Other rights and freedoms considered


  1. For sake of completeness, we will briefly note the other rights and freedoms protected in the Bill of Rights Act that were considered in respect of the Bill.
  2. Section 19(1) of the Bill of Rights Act was raised as the Bill changes the legal position with respect to the age of criminal responsibility when serious offences are committed by children. By using the age of an offender as a criterion for determining whether the offender will be criminally liable for his or her actions, the Bill gives rise to a disadvantageous distinction between different classes of individuals based on the age of those individuals. However, age is defined in the Human Rights Act as referring to "any age commencing with the age of 16 years" (section 21(1)(1)(i)). Since the disadvantageous distinction does not arise on one of the prohibited grounds of discrimination, we consider that the Bill is not inconsistent with the right to be free from discrimination.
  3. The right not to be subjected to disproportionately severe treatment or punishment (section 9 of the Bill of Rights Act) was raised in respect of the reduction in the age at which criminal proceedings may be brought against young offenders.

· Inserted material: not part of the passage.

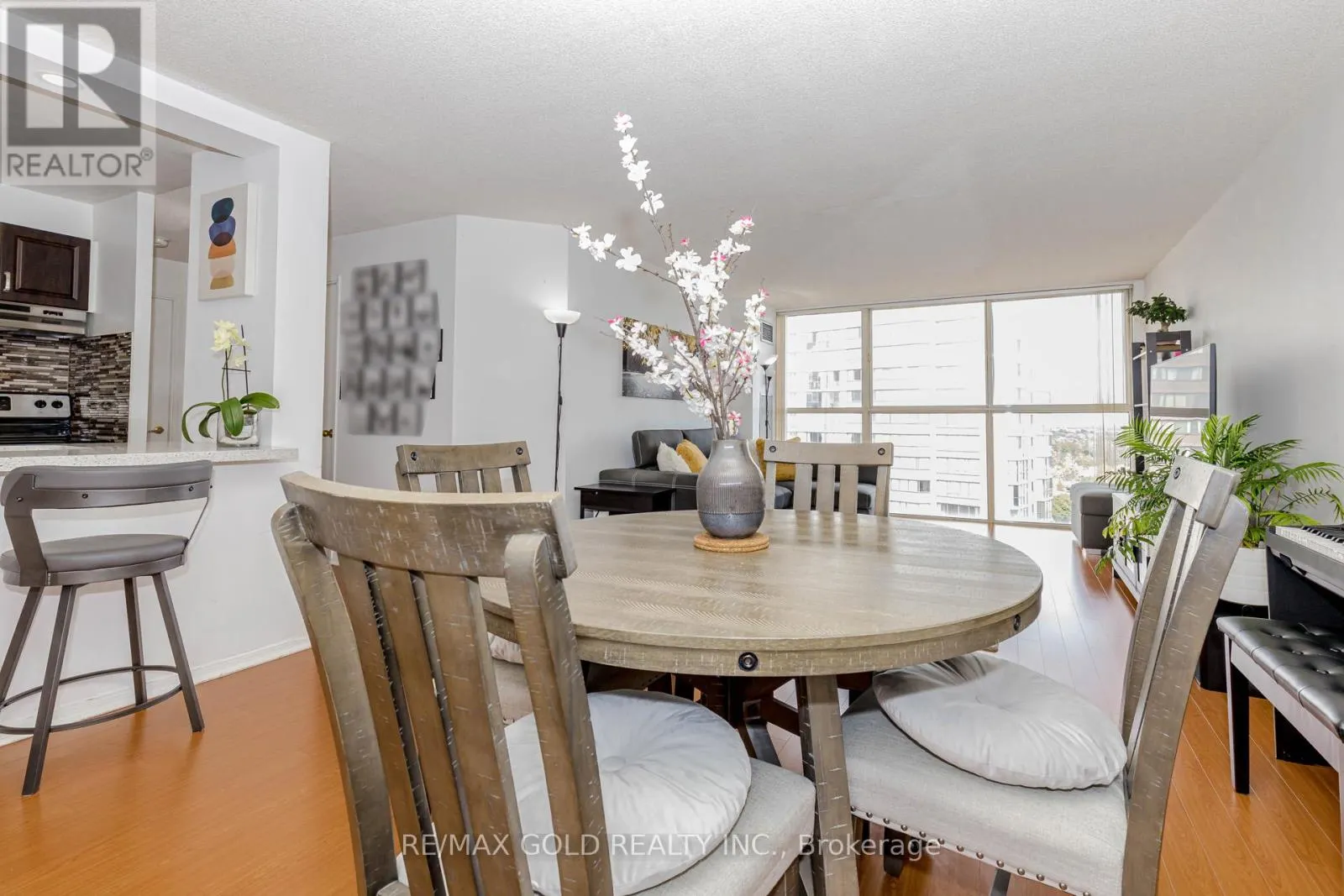 1504 - 4205 SHIPP DRIVE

We note that in T and V v United Kingdom,[5] the European Court was asked to decide whether the attribution of criminal responsibility to a child as young as ten violated the equivalent provision of the European Convention of Human Rights. Rejecting the applicant's claim, the Court noted that since the Convention was a living instrument, it was legitimate when deciding whether a measure was acceptable under one of its provisions to take account of the standards prevailing amongst States Parties. The Court found that there was not a commonly accepted minimum age for the imposition of criminal responsibility in Europe. Moreover, no clear tendency could be ascertained from examination of the relevant international texts and instruments.[6] In light of this, we consider that the ability of the Crown to bring criminal proceedings against offenders as young as ten does not violate section 9 of the Bill of Rights Act.

Conclusion


  1. We consider that the Bill contains a clause that arguably amounts to a prima facie infringement of the rights to the benefit of a lesser penalty and to a fair trial as affirmed by sections 25(g) and 25(a) of the Bill of Rights Act 1990, respectively. However, in light of the protective nature of the provision and the broad sentencing discretion of the court, we consider that the clause can be considered a justified limitation in terms of section 5 of that Act.
Jeff Orr
Chief Legal Counsel Office of Legal Counsel
Stuart Beresford
Principal Legal Adviser
Bill of Rights/Human Rights Team

Footnotes

1 [2000] NZCA 403; [2001] 2 NZLR 37

2 See Moonen v Film Literature Board of Review [1999] NZCA 329; [2000] 2 NZLR 9, and R v Oakes (1986) 26 DLR (4th)


3 [2000] NZCA 69; [2000] 2 NZLR 695

4 If the delay amounted to 'undue delay' occasioned by the Crown, the right protected by section 25(b) of the Bill of Rights would also be engaged.

5 [1999] ECHR 171; (2000) 30 EHRR 121

6 For instance, Rule 4 of the UN Standard Minimum Rules for the Administration of Juvenile Justice (the Beijing Rules) which, although not legally binding on States, might provide some indication of the existence of an international consensus, does not specify the age at which criminal responsibility should be fixed but merely invites States not to fix it too low.

Similarly, Article 40(3)(a) UNCROC requires States Parties to establish a minimum age below which children shall be presumed not to have capacity to infringe the criminal law, but contains no provision as to what that age should be. See T v United Kingdom, para 71

In addition to the general disclaimer for all documents on this website, please note the following: This advice was prepared to assist the Attorney-General to determine whether a report should be made to Parliament under s 7 of the New Zealand Bill of Rights Act 1990 in relation to the Young Offenders (Serious Crimes) Bill 2006. It should not be used or acted upon for any other purpose. The advice does no more than assess whether the Bill complies with the minimum guarantees contained in the New Zealand Bill of Rights Act. The release of this advice should not be taken to indicate that the Attorney-General agrees with all aspects of it, nor does its release constitute a general waiver of legal professional privilege in respect of this or any other matter. Whilst care has been taken to ensure that this document is an accurate reproduction of the advice provided to the Attorney-General, neither the Ministry of Justice nor the Crown Law Office accepts any liability for any errors or omissions.